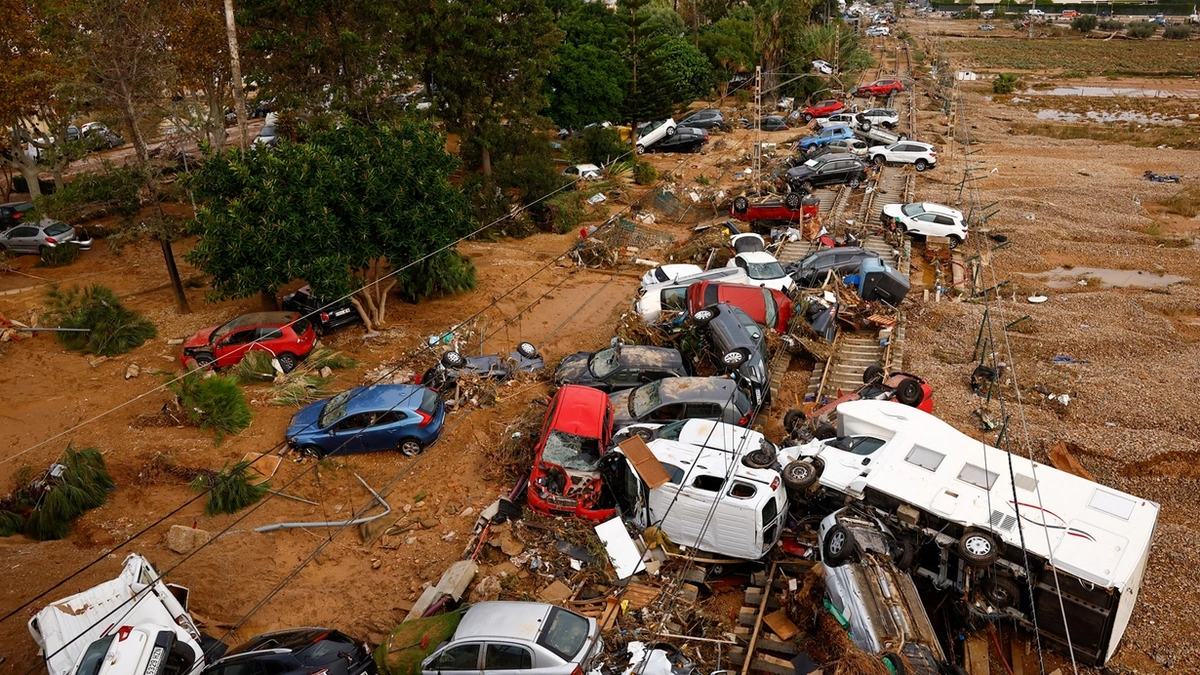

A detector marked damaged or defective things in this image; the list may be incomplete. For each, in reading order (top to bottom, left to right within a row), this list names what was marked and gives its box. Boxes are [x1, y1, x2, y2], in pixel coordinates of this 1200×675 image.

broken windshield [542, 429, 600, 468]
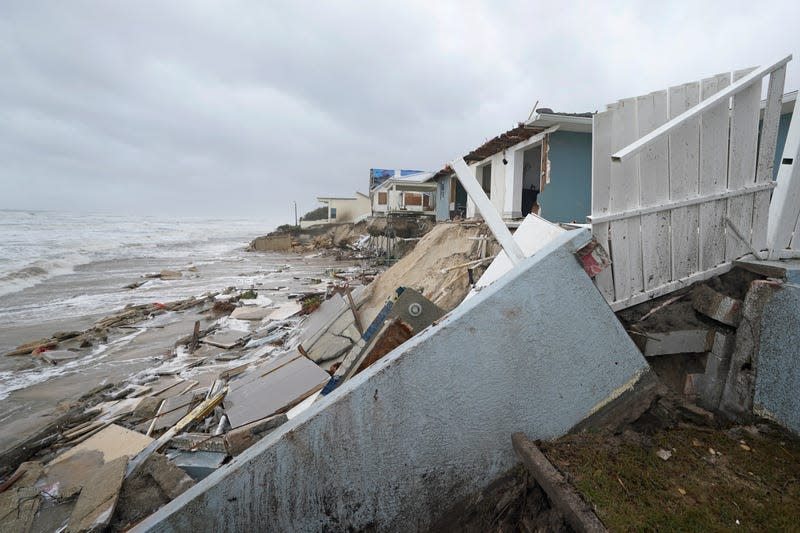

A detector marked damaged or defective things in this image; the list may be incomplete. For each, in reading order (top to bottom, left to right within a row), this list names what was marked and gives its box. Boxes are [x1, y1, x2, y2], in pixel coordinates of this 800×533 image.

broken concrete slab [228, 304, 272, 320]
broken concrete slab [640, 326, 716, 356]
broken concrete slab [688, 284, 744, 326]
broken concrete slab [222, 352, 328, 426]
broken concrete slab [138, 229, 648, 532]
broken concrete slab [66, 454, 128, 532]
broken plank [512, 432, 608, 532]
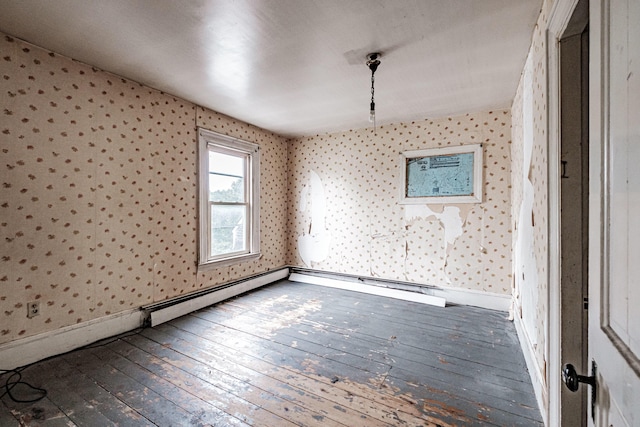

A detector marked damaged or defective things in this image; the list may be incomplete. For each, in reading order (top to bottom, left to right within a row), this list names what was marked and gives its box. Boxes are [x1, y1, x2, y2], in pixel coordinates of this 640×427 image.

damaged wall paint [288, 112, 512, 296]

• • • •

- **What you are asked to do**: Nothing but the lines from the one containing "this 800×533 image." through the last line of the material may appear in the answer, transcribed exactly and with no pictures.

- **Response to this task**:
A detector marked damaged or defective things in this image; the list may be incomplete. For each, in reading order (top to bottom, left to right within a row), this list names what was marked and gives its box. Boxes are [x1, y1, x2, y2], in pixel coordinates of this 800×533 image.

broken concrete slab [228, 304, 272, 320]
broken concrete slab [640, 326, 716, 356]
broken concrete slab [688, 284, 744, 326]
broken concrete slab [222, 352, 328, 426]
broken concrete slab [138, 229, 648, 532]
broken concrete slab [66, 454, 128, 532]
broken plank [512, 432, 608, 532]

A detector marked damaged or defective things in this image; the list may be incomplete. For each, in reading order (top to bottom, left to right within a row), this list names what was marked and gives its box. Boxes are [x1, y1, x2, y2], in pixel coordinates of this 640×427 image.

damaged wall paint [288, 112, 512, 296]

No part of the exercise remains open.